» Task details
A faithful copy is needed of the lines below from the one with "Watt Kicker Amp" up to and including the one with "Casa à venda com 324m², 3 quartos e 2 vagas Casa"; set it down with no pictures and no other lines.

» Source data
========================================================================
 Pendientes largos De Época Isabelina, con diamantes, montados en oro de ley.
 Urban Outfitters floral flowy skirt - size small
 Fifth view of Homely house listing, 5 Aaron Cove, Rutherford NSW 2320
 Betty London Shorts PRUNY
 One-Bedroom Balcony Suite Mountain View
========================================================================
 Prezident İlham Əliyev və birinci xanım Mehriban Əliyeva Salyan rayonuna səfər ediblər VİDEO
========================================================================
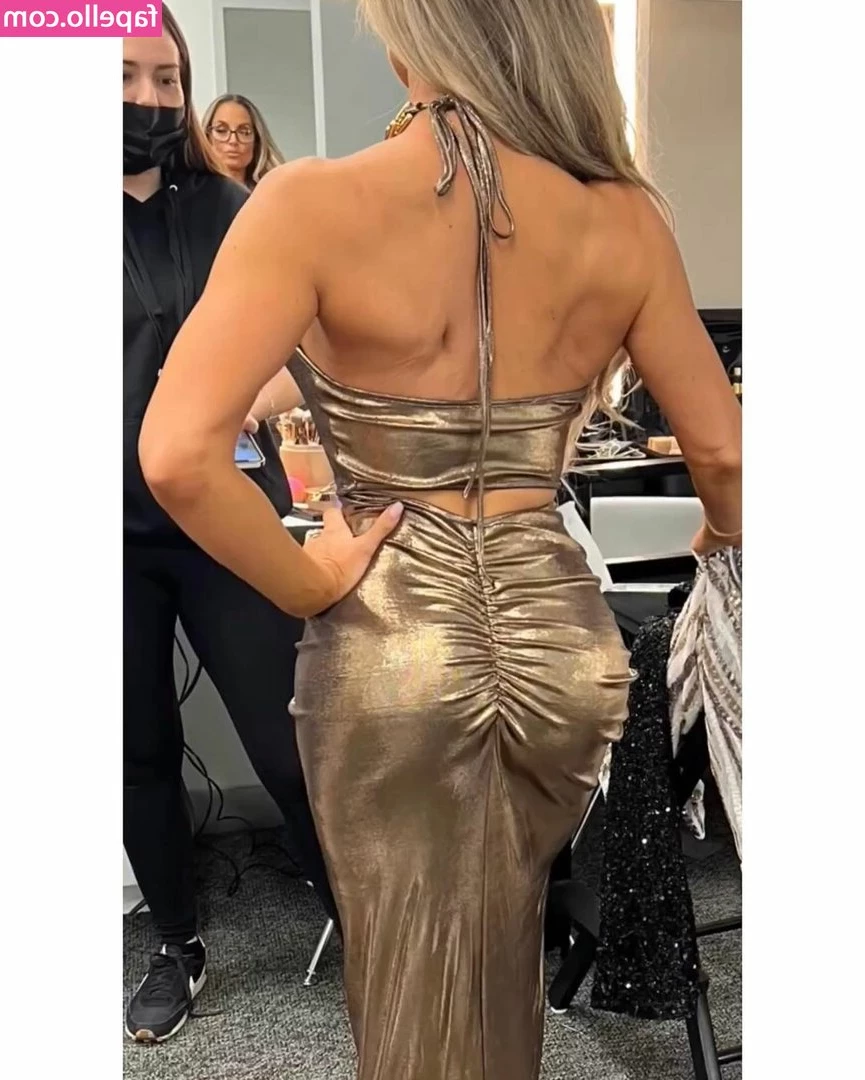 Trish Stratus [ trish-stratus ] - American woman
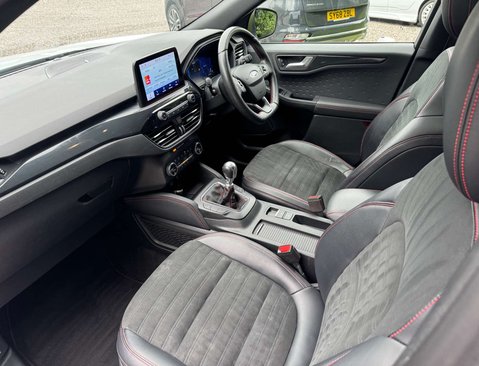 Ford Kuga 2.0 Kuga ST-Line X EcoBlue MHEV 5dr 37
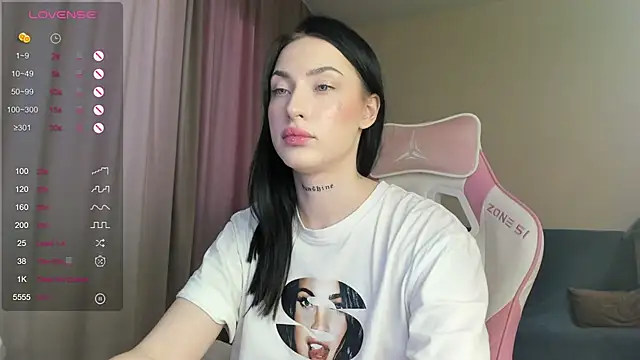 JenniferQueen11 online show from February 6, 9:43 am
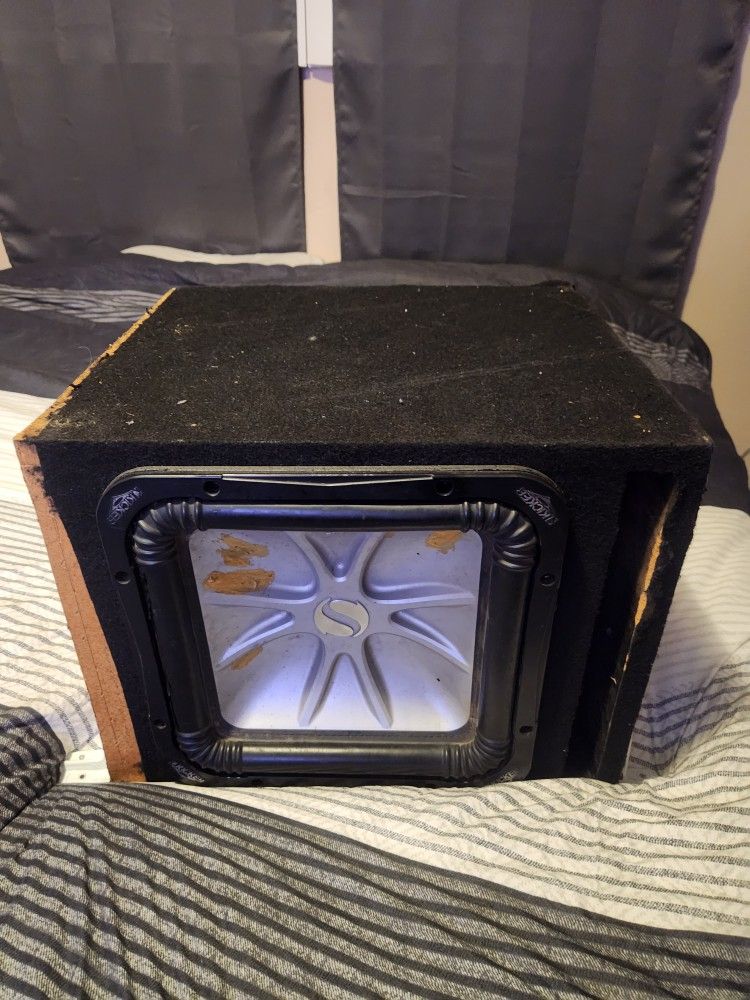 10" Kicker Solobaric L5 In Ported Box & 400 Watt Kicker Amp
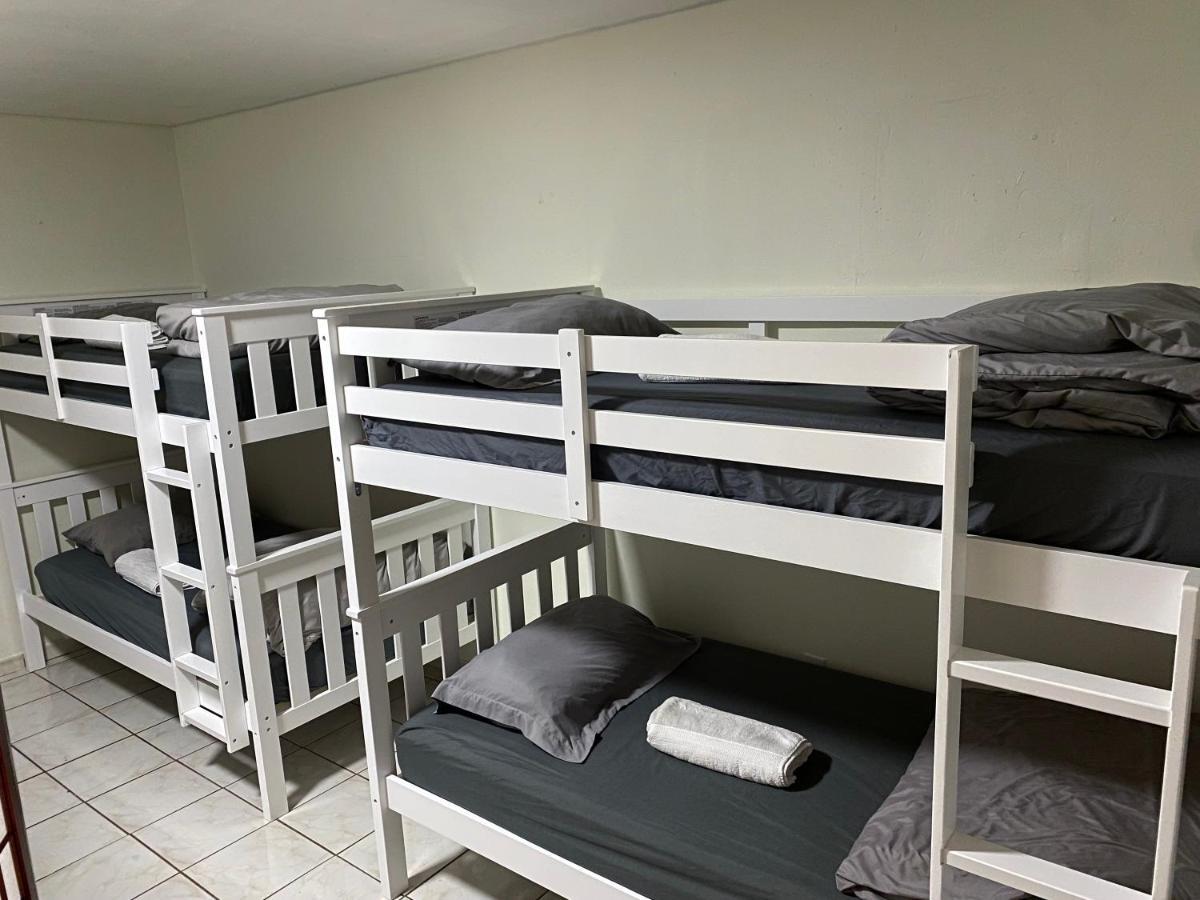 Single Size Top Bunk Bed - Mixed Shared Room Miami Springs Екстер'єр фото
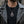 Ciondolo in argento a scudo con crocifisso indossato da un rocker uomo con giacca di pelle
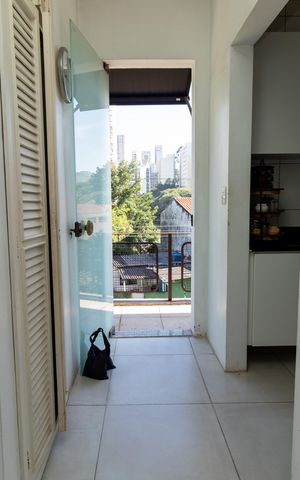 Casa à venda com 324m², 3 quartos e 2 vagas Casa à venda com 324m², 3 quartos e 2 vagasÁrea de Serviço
========================================================================
» Task response
 10" Kicker Solobaric L5 In Ported Box & 400 Watt Kicker Amp
 Single Size Top Bunk Bed - Mixed Shared Room Miami Springs Екстер'єр фото
 Ciondolo in argento a scudo con crocifisso indossato da un rocker uomo con giacca di pelle
 Casa à venda com 324m², 3 quartos e 2 vagas Casa à venda com 324m², 3 quartos e 2 vagasÁrea de Serviço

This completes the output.